Welcome to Bed Bug City.

Over the last two years, New York City Housing Authority residents filed approximately 200,000 complaints pleading for relief from bedbug and roach infestations, NYCHA data shows.

The Grant Houses in Harlem had the most overall creepy complaints over the first nine months of 2019 with 1,000 — 894 of which were for roaches.

The Pomonok Houses in Queens had the highest number of bedbug work orders during that period at 156. The Wagner Houses and Grant Houses didn’t trail far behind with 129 and 106 bedbug jobs for each complex respectively.

The statistics on roach and bedbug complaints between Jan. and Sept. 2019 came through a Freedom of Information request filed with NYCHA by the Legal Aid Society, which shared the data with the Daily News. The agency also shared data on insect complaints from 2018.

Tyrone Bell, tenant association president at the St. Nicholas Houses in Harlem, said people haven’t complained to him about bedbugs, but he wasn’t surprised that his complex had the 5th highest number of gripes, given other issues there like rats, mold and faulty elevators.

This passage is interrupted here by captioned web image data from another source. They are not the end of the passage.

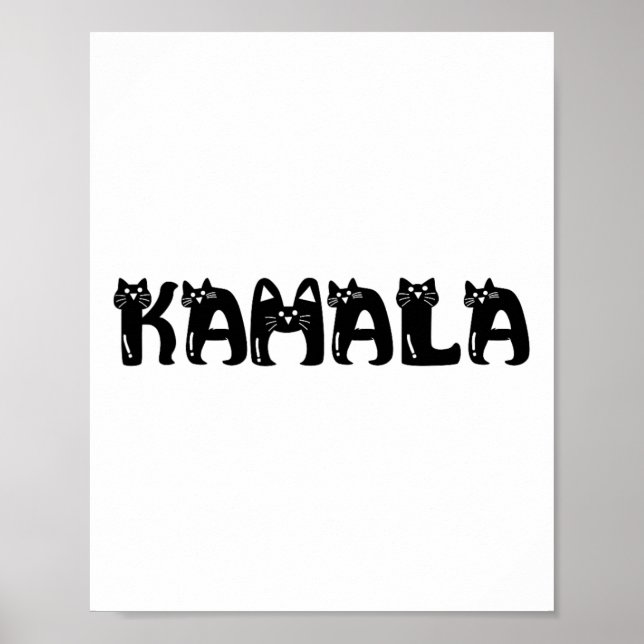 Poster Harris Cat Lettering Positive Funny Eleição 2024 (Frente)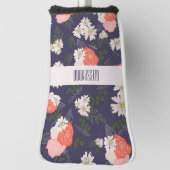 Vetbloemige doodles in perzikroze en blauw van de  golfheadcover (Draai 90)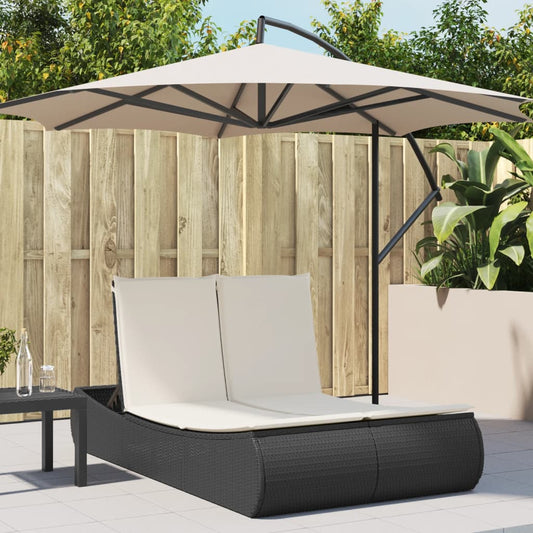 Ligbed 2-persoons met kussens poly rattan zwart is nu te koop bij PeponiXL, paradijselijk wonen!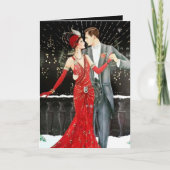 かわいいアートデコカップルのメッセージを追加 シーズンカード (正面)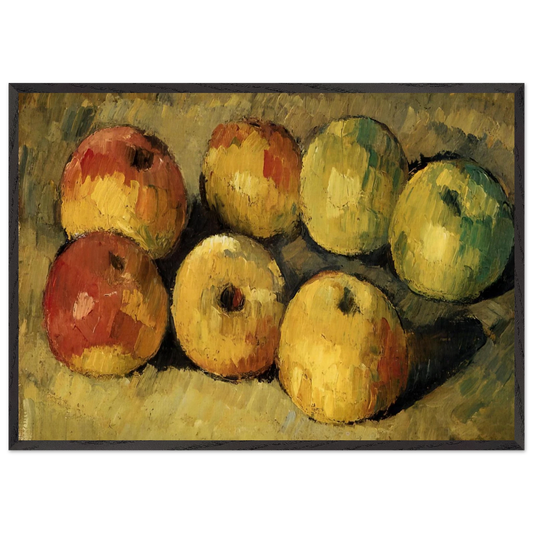 Apples - Paul Cezanne 70x100 cm / 28x40 inches Framed Art Print – Black Wooden Frame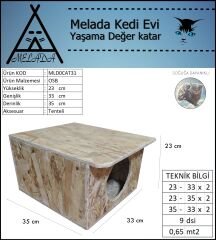 Melada Kedi Evi Dış Ortam Uygun Ahşap Kedi Evi OSB 35x33x23 cm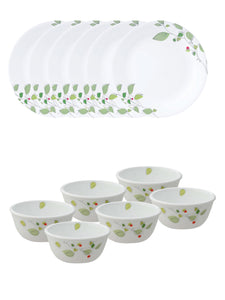Corelle  Asia Collection Green Breeze Breakfast Set (Pack of 12) 6 26cm Dinner Plates & 6 177ml Katori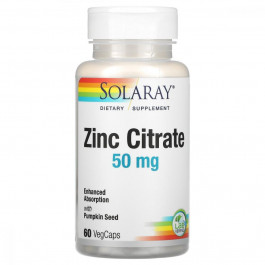   Solaray Цинк цитрат, Zinc Citrate, 50 мг, 60 вегетарианских капсул (SOR-47102)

“There are plenty of problems,” he said. “This development needs a lot of work.”

Judith Goldiner, Legal Aid’s attorney-in-charge of civil law reform, described the number of infestation work orders as “troubling,” and cited it as just another reason she and others are calling on Albany to put $2 billion in additional funding toward NYCHA.

The bug numbers were not all bad news though, according to Goldiner.

On average it took NYCHA about nine days to fully address the complaints — a detail she views as a good sign.

“This is a clear byproduct of more staff on the ground and resources,” she explained. “With the legislature now in session, we again call for increased funding for public housing authorities to address these problems and others facing tenants.”

A NYCHA spokeswoman pointed to a downward trend over the last two years when it comes to critter complaints, noting that the authority has hired 20 new exterminators over the last year.

Bedbug beefs dipped from 12,220 in 2018 to 10,343 in 2019; and closed work orders for roaches dipped from 87,400 in 2018 to 84,516 last year. The time it took, on average, to address bedbugs also went down from 13.3 days in 2018 to 9.7 days in 2019, but roach complaints took slightly longer in 2019, about a day more on average.

“Our trends show an improvement in closed bedbug and roach work orders,” said NYCHA spokeswoman Rochel Goldblatt. She noted that the longer times for roach remediation stem from NYCHA’s new Integrated Pest Management system, which places an emphasis on more than band-aid solutions.

Instead of spraying for roaches, exterminators are looking for holes, caulking and vacuuming,” she said. “The bedbugs weren’t affected by the above trend because we treat them like an emergency and try to schedule them as soon as possible. This was updated in our system in July 2019, making rats and bedbugs a higher priority.”

The advocates’ ask for more state cash — at the beginning of this Albany legislative session — is part of a broader push to increase NYCHA funding. Tenant advocates are also demanding a $1 billion increase in NYCHA funding in the city budget and a $6 billion increase on the federal level.

Fiscal hawks describe such outlays as ill-advised given NYCHA’s track record of wasteful spending.

“NYCHA hasn’t been fundamentally reformed,” said E.J. McMahon, research director for the Empire Center for Public Policy.

State Sen. Zellnor Myrie (D- Brooklyn) agreed, but only so much. He said NYCHA deserves blame for past fiscal mismanagement, but added that it doesn’t mean government should continue to underfund it.

He pointed out that $2 billion is just a fraction of the more than $30 billion NYCHA now needs.

“It would not meet the entire deficit,” he said.